Work instructions:
Retype, word for word, every line from the one holding "E saibam o que é preciso" through the one holding "na próxima aula" in the entries below, both included, and only those lines.

Stored data entries:
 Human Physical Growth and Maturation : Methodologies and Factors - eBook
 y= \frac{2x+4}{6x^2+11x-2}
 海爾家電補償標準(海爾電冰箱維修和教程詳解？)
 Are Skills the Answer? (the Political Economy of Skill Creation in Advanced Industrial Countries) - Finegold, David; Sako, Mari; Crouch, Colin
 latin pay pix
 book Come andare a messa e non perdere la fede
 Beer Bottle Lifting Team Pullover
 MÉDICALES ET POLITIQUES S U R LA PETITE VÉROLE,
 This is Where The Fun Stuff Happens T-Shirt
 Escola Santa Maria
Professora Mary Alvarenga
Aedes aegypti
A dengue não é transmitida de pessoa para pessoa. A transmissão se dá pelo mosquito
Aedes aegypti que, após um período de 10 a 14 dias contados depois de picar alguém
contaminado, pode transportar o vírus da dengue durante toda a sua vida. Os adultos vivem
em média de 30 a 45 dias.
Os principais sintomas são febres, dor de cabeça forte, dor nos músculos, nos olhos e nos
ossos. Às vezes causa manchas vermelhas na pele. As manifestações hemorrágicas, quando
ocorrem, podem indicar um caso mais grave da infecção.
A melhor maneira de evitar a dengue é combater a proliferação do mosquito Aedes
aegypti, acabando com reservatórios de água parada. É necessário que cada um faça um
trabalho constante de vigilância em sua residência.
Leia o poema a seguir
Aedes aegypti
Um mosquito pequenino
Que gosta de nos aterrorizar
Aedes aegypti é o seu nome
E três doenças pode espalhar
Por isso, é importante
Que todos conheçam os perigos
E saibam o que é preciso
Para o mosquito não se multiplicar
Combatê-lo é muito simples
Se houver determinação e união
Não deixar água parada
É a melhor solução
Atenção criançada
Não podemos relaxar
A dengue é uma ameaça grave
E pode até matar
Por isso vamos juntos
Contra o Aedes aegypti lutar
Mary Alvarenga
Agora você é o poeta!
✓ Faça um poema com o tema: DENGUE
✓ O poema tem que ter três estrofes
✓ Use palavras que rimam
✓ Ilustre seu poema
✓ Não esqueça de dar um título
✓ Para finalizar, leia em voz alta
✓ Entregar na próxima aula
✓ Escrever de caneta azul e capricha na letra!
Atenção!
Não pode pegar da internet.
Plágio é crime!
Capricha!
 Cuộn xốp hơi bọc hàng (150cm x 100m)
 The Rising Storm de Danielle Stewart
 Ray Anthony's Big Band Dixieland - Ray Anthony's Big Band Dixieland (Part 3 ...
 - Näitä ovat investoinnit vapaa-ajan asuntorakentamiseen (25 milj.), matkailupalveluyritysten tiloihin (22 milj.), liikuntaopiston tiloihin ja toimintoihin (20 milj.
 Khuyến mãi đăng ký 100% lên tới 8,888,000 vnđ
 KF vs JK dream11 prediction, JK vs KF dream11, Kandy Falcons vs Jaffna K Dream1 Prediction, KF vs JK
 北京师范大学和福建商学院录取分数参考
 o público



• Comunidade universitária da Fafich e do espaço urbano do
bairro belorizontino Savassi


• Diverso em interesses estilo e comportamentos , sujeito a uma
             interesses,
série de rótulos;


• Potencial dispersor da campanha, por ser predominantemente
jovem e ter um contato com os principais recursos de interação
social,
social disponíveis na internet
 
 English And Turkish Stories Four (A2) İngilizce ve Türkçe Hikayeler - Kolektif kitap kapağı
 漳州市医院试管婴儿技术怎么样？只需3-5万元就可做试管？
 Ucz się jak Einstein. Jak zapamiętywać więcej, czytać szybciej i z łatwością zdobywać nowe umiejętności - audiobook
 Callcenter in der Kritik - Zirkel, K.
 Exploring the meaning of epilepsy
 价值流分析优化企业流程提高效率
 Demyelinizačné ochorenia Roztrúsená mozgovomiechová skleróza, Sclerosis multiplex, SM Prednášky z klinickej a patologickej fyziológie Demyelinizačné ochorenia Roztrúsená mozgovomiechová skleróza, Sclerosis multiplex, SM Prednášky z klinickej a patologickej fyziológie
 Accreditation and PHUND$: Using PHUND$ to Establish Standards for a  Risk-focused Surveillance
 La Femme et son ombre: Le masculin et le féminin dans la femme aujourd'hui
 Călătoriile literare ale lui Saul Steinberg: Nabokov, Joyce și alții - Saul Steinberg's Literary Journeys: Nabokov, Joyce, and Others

Task result:
E saibam o que é preciso
Para o mosquito não se multiplicar
Combatê-lo é muito simples
Se houver determinação e união
Não deixar água parada
É a melhor solução
Atenção criançada
Não podemos relaxar
A dengue é uma ameaça grave
E pode até matar
Por isso vamos juntos
Contra o Aedes aegypti lutar
Mary Alvarenga
Agora você é o poeta!
✓ Faça um poema com o tema: DENGUE
✓ O poema tem que ter três estrofes
✓ Use palavras que rimam
✓ Ilustre seu poema
✓ Não esqueça de dar um título
✓ Para finalizar, leia em voz alta
✓ Entregar na próxima aula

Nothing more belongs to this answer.